High volume of water discovered inside Earth’s mantle

Geologists at Goethe University, Frankfurt, have discovered that the transition zone between Earth’s upper and lower mantle contains considerable amounts of water.

To reach this conclusion, the researchers studied a rare diamond only found in pieces of Earth’s mantle. The diamond’s chemical composition proved this, as its structure was virtually the same as pieces of mantle rock found in basalts across the world.

They discovered that the stone contained numerous ringwoodite inclusions, a high-pressure phase of magnesium silicate, which exhibited a high water content.

“In this study, we have demonstrated that the transition zone is not a dry sponge, but holds considerable quantities of water. This also brings us one step closer to Jules Verne’s idea of an ocean inside the Earth,” said Frank Brenker, from the Institute of Geosciences at Goethe University.

Movement of materials within Earth’s transition zone

The transition zone refers to the boundary layer that separates Earth’s lower and upper mantle. The zone is located at a depth of 410 to 660 kilometres within the mantle. The green mineral olivine, which constitutes around 70% of our planet’s upper mantle, is caused by immense pressure that builds up in the transition zone.

The researchers found that olivine is converted into denser wadsleyite at the top of the transition zone, before morphing into even denser ringwoodite at around 520 kilometres deep.

“These mineral transformations greatly hinder the movements of rock in the mantle,” Brenker explained. “Rising columns of hot rock deep within the mantle sometimes stop directly below the transition zone, also bringing the movement of mass in the opposite direction to a standstill.

“Subducting plates often have difficulty in breaking through the entire transition zone. So, there is a whole graveyard of such plates in this zone underneath Europe.”

Until now, scientists were unaware of what impact the movement of material within the transition zone had on its geochemical composition, or whether large quantities of water existed there.

“The subducting slabs also carry deep-sea sediments back into the Earth’s interior. These sediments can hold large quantities of water and CO2,” Brenker explained.

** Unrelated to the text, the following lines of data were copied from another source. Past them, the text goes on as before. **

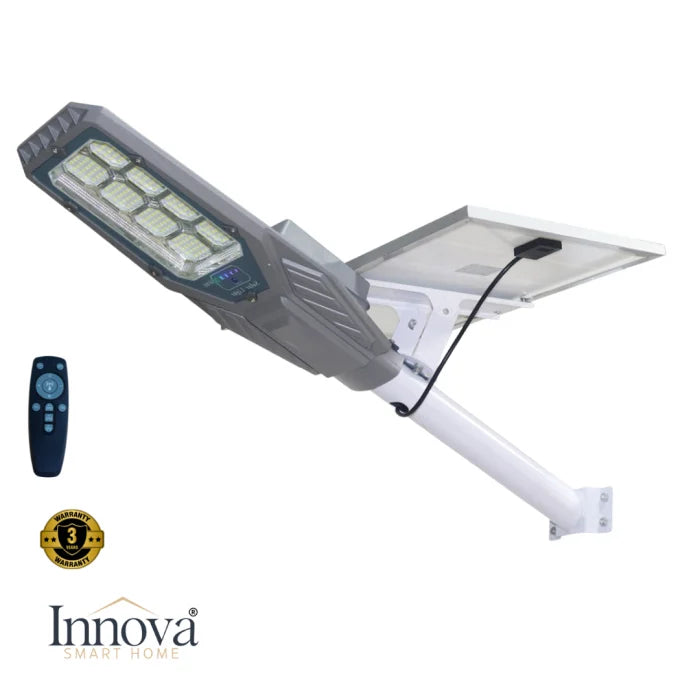 Lampă Solară Profesionala LED AURUM by Innova 600W – Panou Solar Separat, IP66, Telecomandă + Kit Complet de Montaj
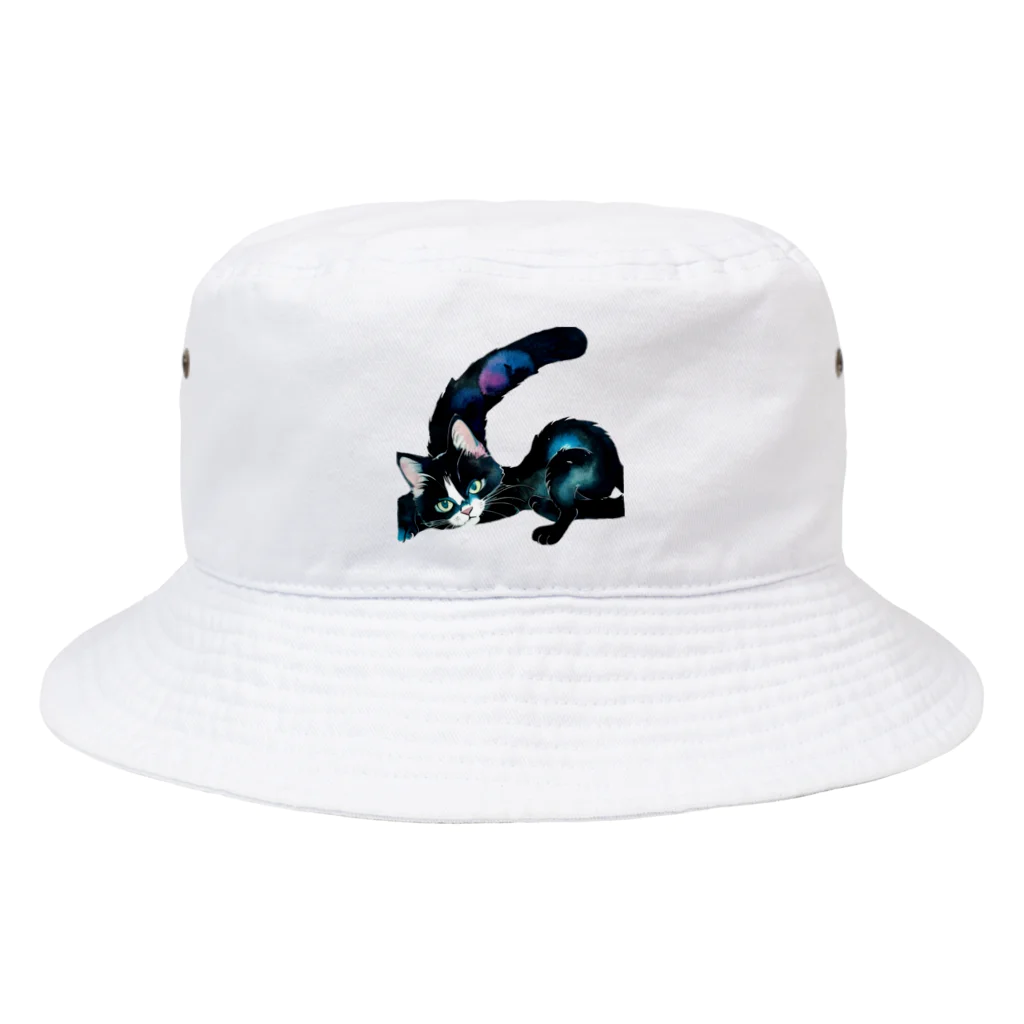 幸運のしっぽの黒猫と魔法の尻尾 Bucket Hat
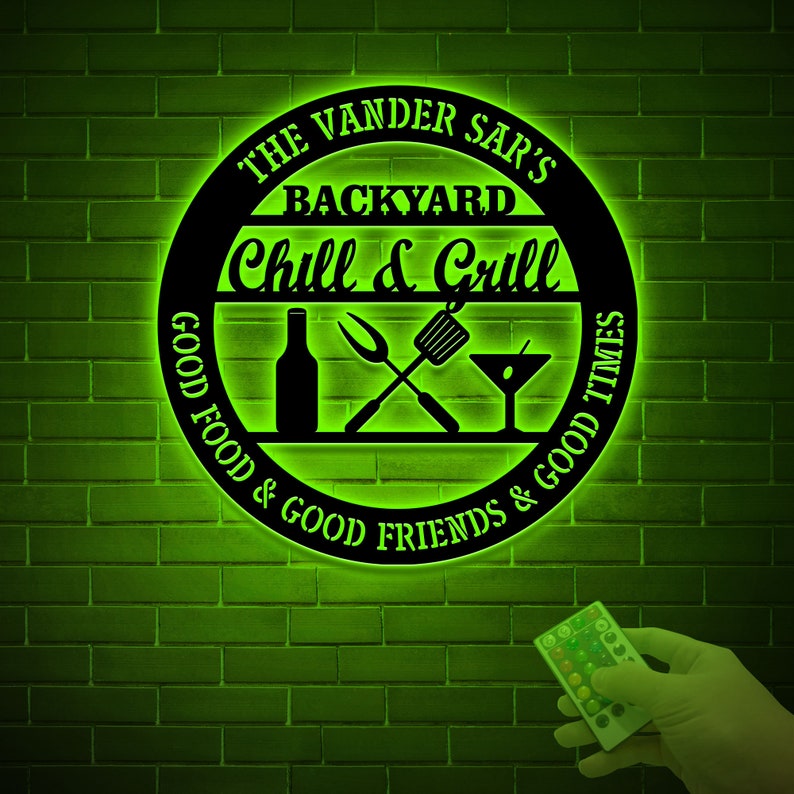 Personalized Bar & Grill Metal Sign With LED Light, Custom Backyard Chill And Grill, Backyard Patio Decor, Outdoor Bar Sign, Backyard Decor Bild 6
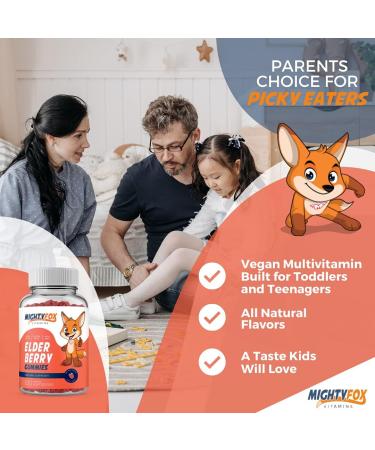 Mighty Fox Kids Elderberry Gummies with Sambucus, Echinacea, Propolis & Vitamin C - 100 Vegan Gummies, Raspberry Flavor - Buy Online on GoSupps.com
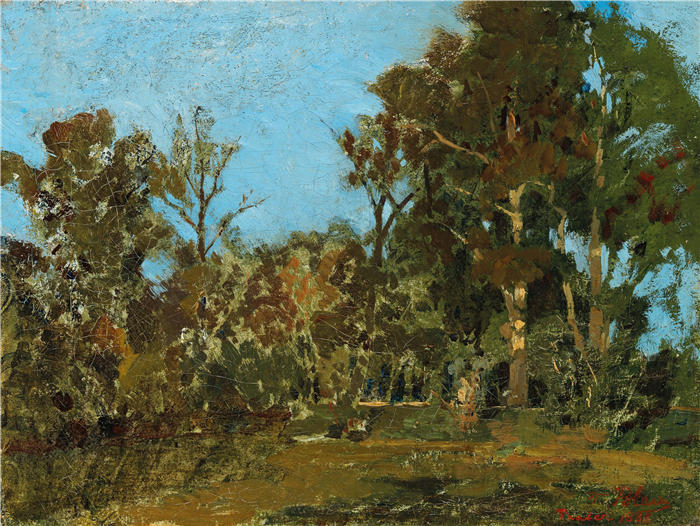 蒂娜·布劳（ Tina Blau，奥地利画家）高清油画作品-《普拉特风景 (1888)》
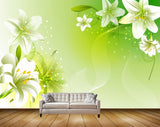 Avikalp MWZ1893 White Flowers Green Leaves 3D HD Wallpaper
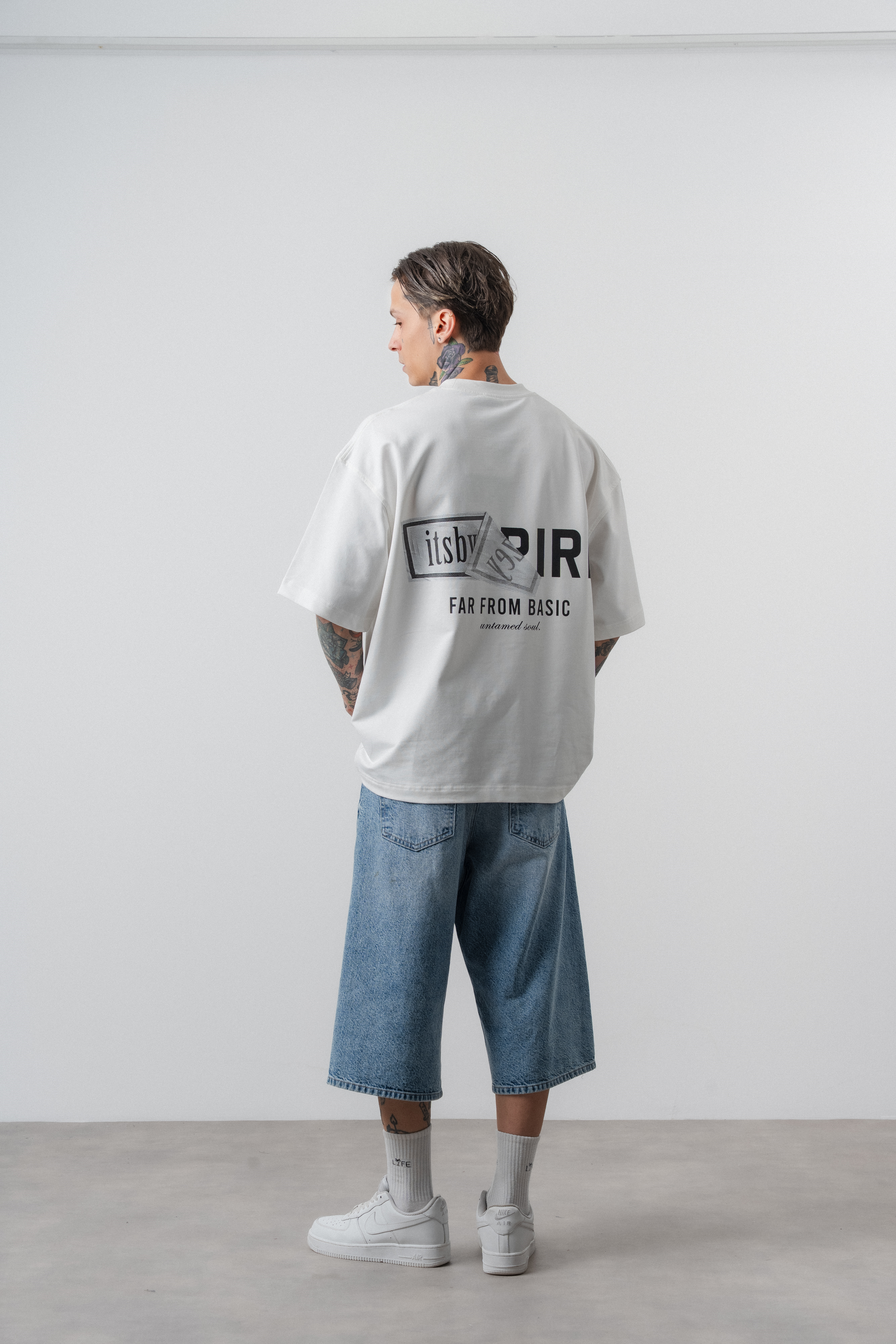 Erkek Respire x Itsbyzey Baskılı Oversize T-Shirt Beyaz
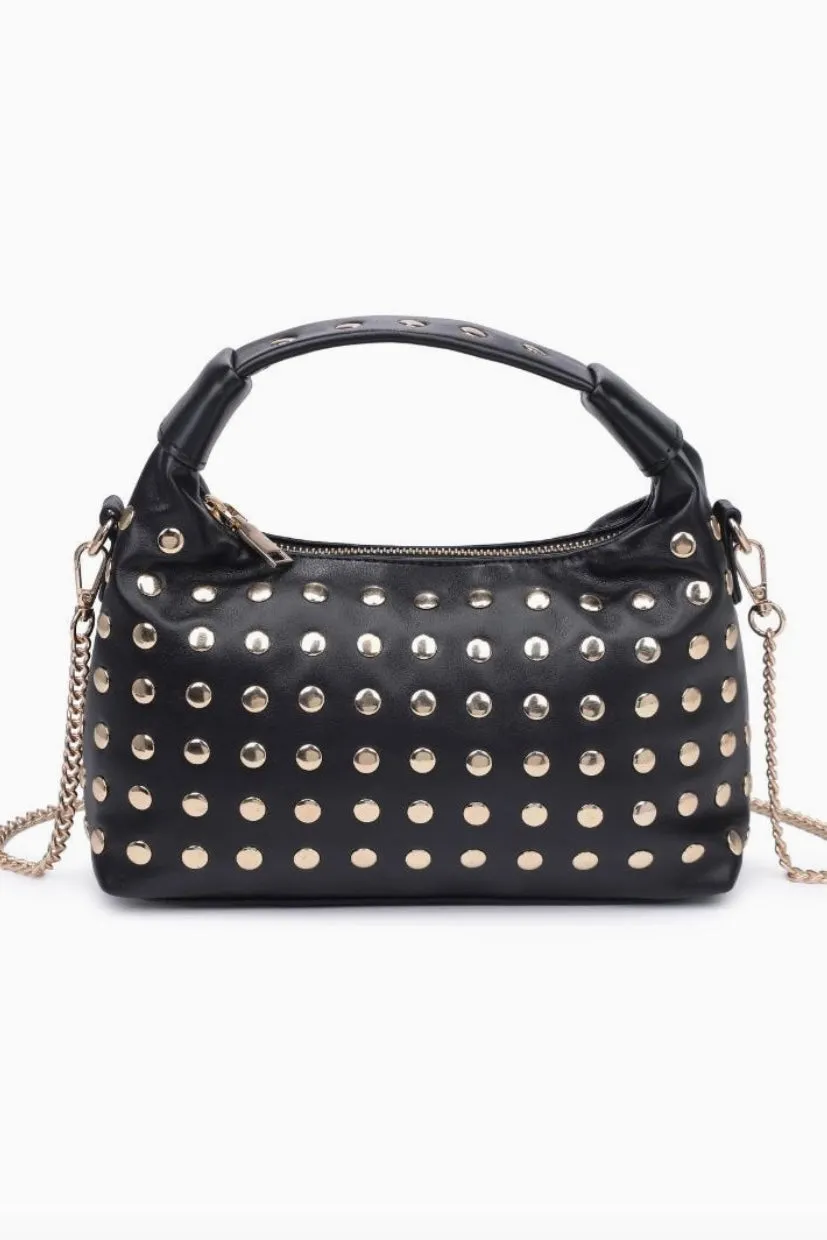 Black Studded Crossbody Handbag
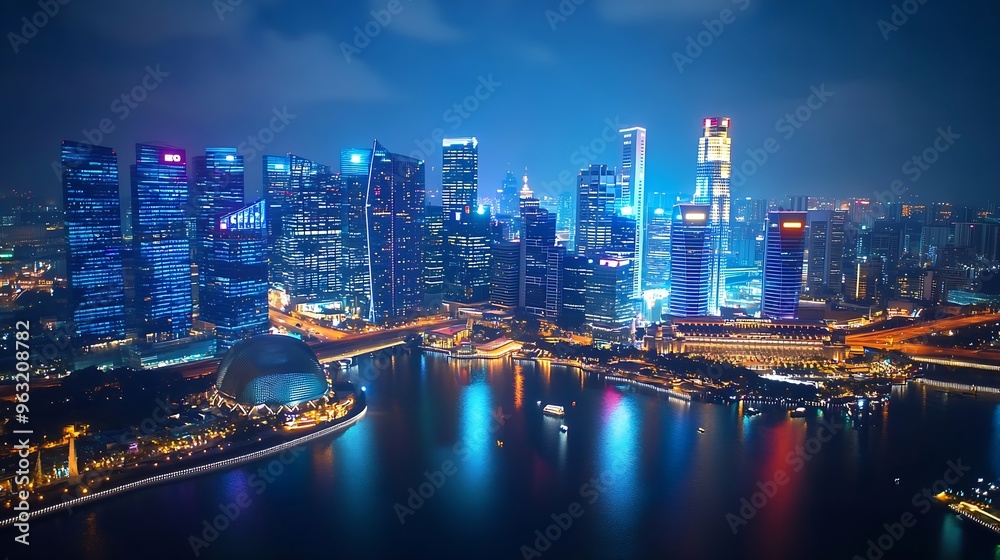 Poster modern cityscape and communication network concept internet of things ict information communication 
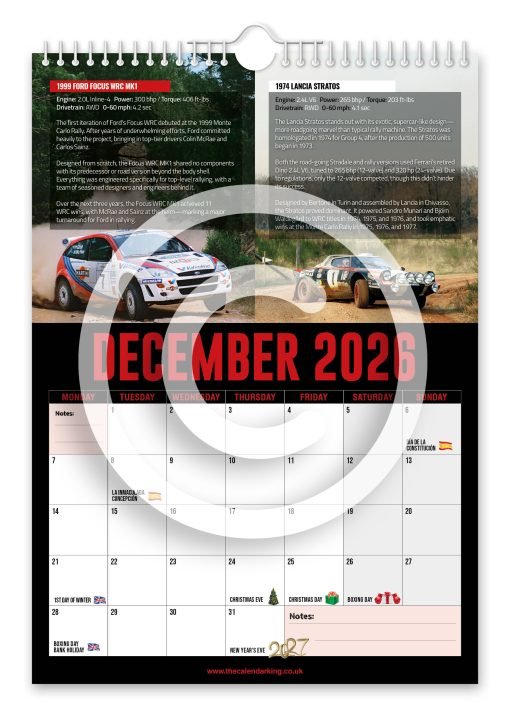 World's Greatest Rally Cars Novelty Calendar - Image 13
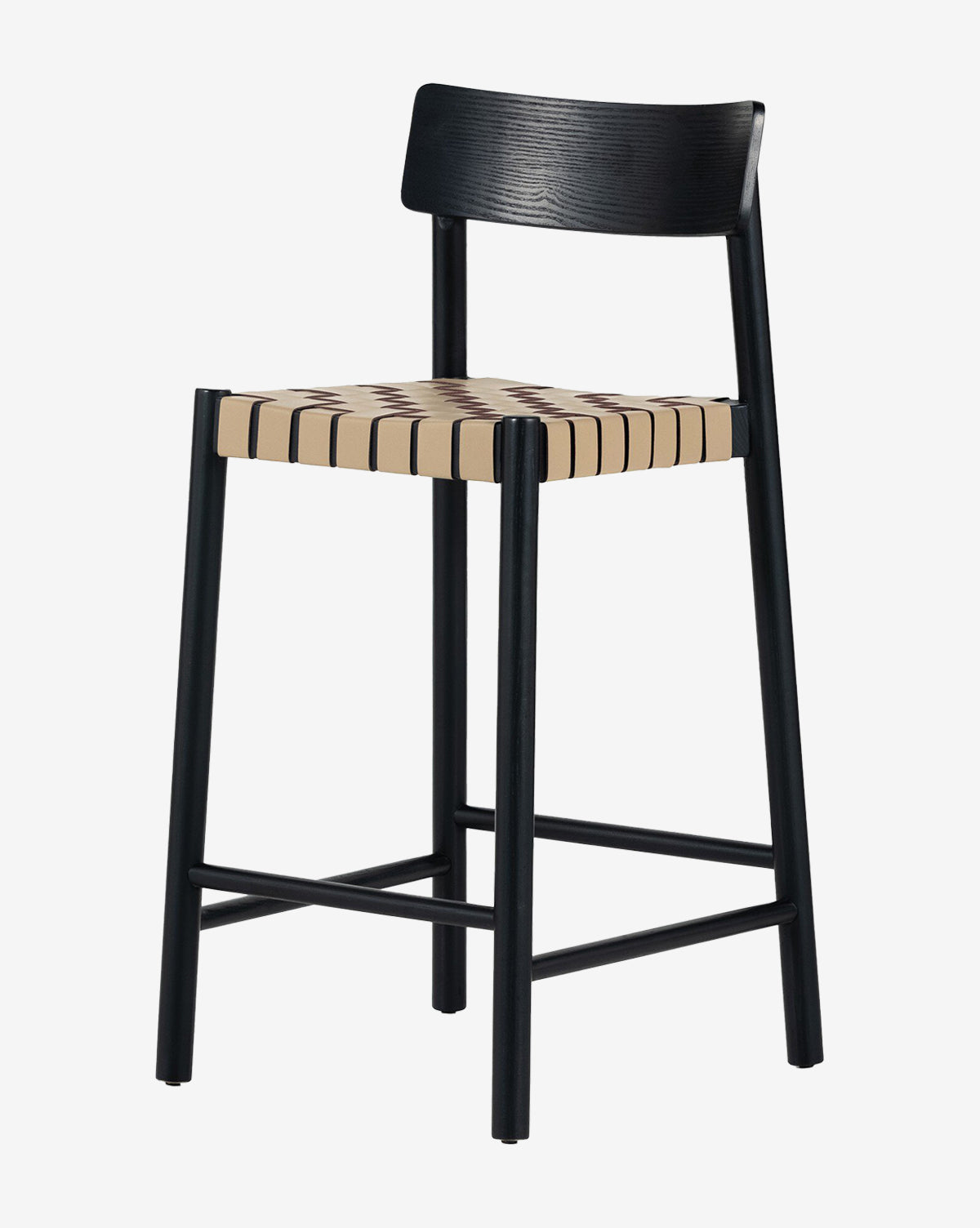 The Robson Stool is a modern bar stool with a wooden frame, curved backrest, and wide woven beige straps on the seat, making it an ideal minimalist kitchen stool for contemporary spaces, by McGee & Co.
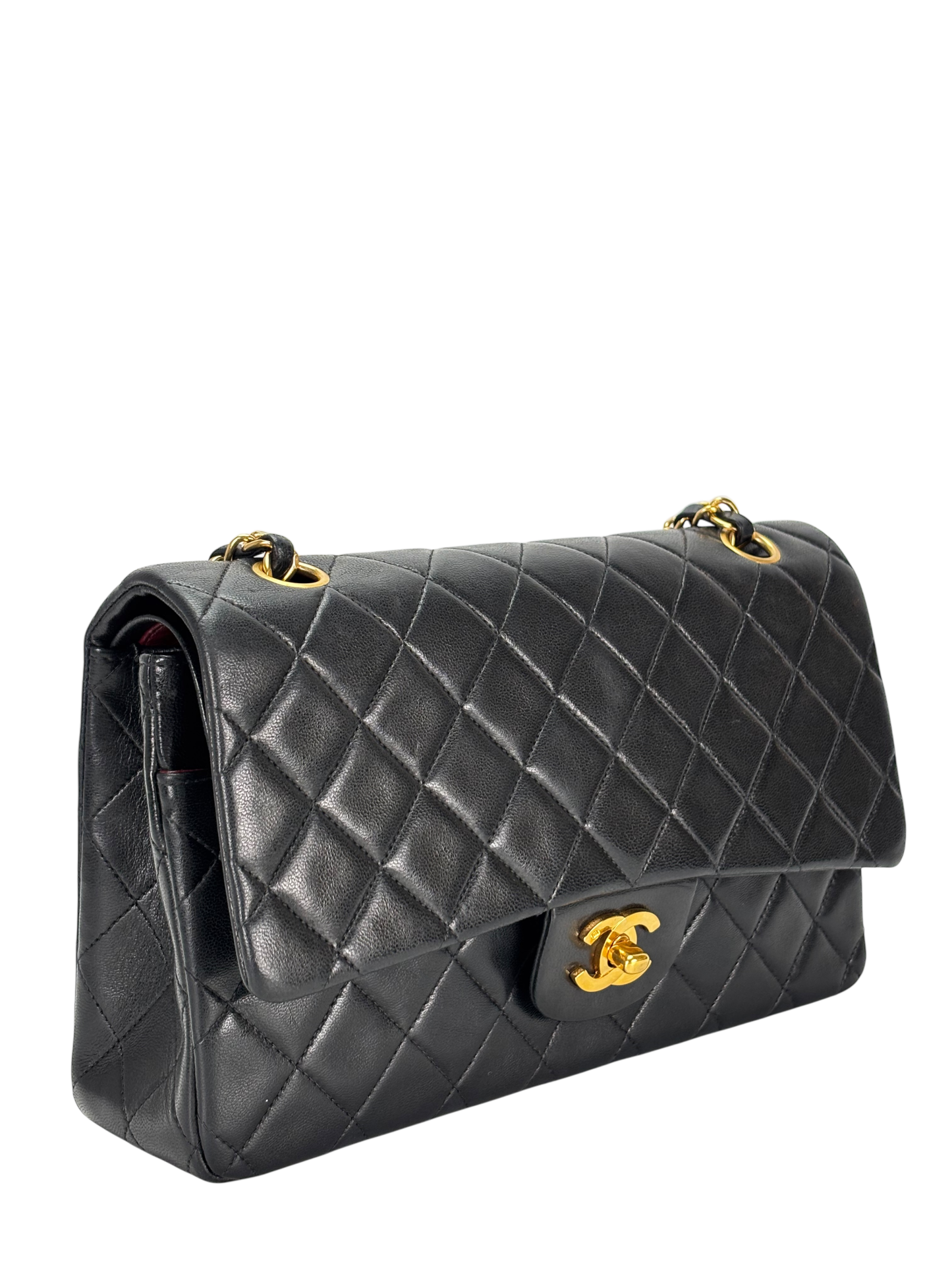 CHANEL - Medium Classic Double Flap Bag Black Lambskin Gold Hardware (CF25)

He continued: “But until now, it was unclear just how much enters the transition zone in the form of more stable, hydrous minerals and carbonates – and it was therefore also unclear whether large quantities of water really are stored there.”

The discovery of water in the transition zone

The discovery of dense materials, such as wadsleyite and ringwoodite, helped the team to discover the large volumes of water stored in Earth’s mantle. Unlike the olivine at lesser depths, these materials are able to store large quantities of water.

Their absorbency levels are so high, that the mantle and its transition zone would be able to absorb six times the amount of water in our oceans. While the scientists were aware that the boundary layer had an enormous capacity to store water, they were unaware if it actually did, until they analysed the mantle diamond.

Hydrous ringwoodite was first discovered in a diamond from the transition zone back in 2014. However, the stone was too small to discover its precise chemical composition, and the team were aware that water content in the diamond may have resulted from an exotic chemical environment.

The new diamond measured 1.5 centimetres, which was large enough to determine its chemical composition. This confirmed scientists’ theories that huge amounts of water existed within Earth’s mantle.

The existence of water within the transition zone has far-reaching consequences for the events inside Earth’s mantle. Rich materials that move around the zone heat up the water, leading to the formation of smaller mantle plumes that absorb the water. The water contained in the mantle plumes is released and lowers the melting point of emerging rich materials.

These events cause material to melt immediately, rather than just before it reaches the surface. As a result, rock masses in this part of the mantle are not as tough overall, allowing movement of mass to be more dynamic. Earth’s transition zone is supposed to act as a barrier to movement, but has now been discovered to be a driver of global material circulation.